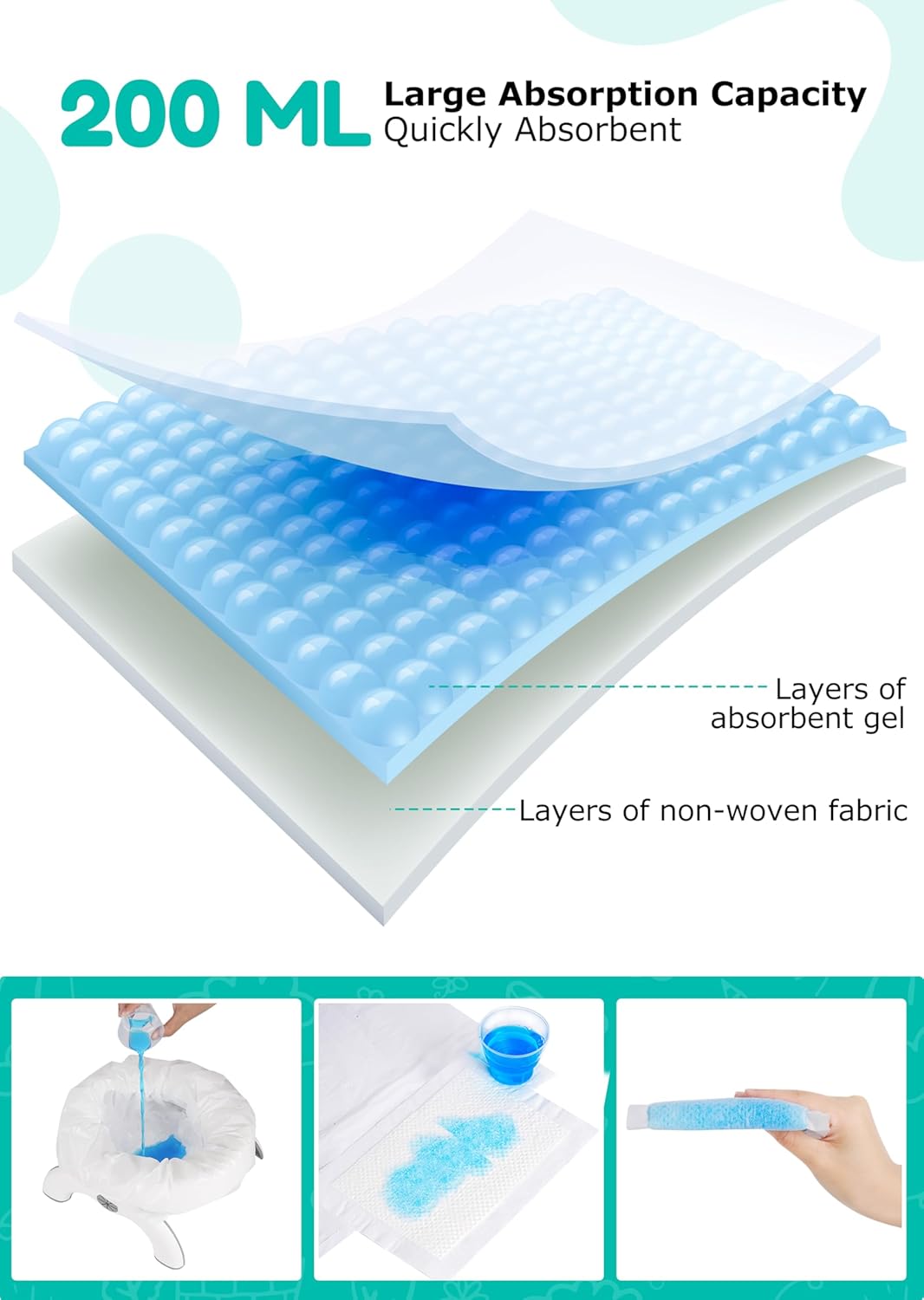Thumbnail 1 de Newnice Disposable Potty Liners with 200ml Absorbent Pads — 30 Pack for OXO Tot Go Potty and Most Chairs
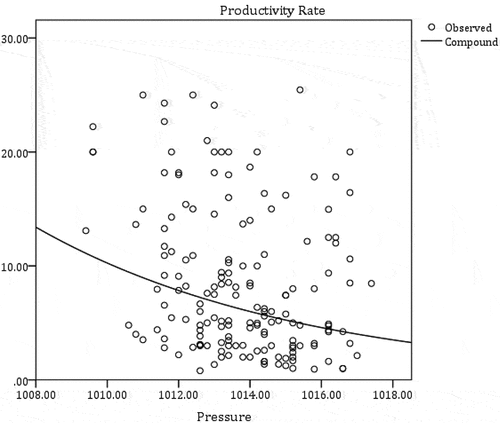 Figure 7. Effect of pressure on productivity rate hard (rock) excavation).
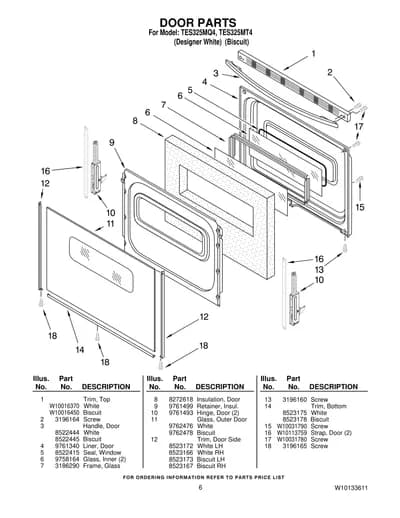 DOOR PARTS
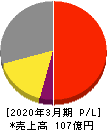 ヤマダコーポレーション 損益計算書 2020年3月期 ヤマダコーポレーション 損益計算書 2020年3月期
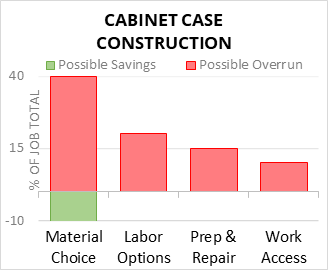 Cabinet Case Construction Cost Infographic - critical areas of budget risk and savings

The task -
Your copy should match the records above exactly, apart from the pictures, which stay out.

Exercise answer -
Thumbnail 1 de Newnice Disposable Potty Liners with 200ml Absorbent Pads — 30 Pack for OXO Tot Go Potty and Most Chairs
 Figure 7. Effect of pressure on productivity rate hard (rock) excavation).
 DOOR PARTS
 ヤマダコーポレーション 損益計算書 2020年3月期 ヤマダコーポレーション 損益計算書 2020年3月期
 Cabinet Case Construction Cost Infographic - critical areas of budget risk and savings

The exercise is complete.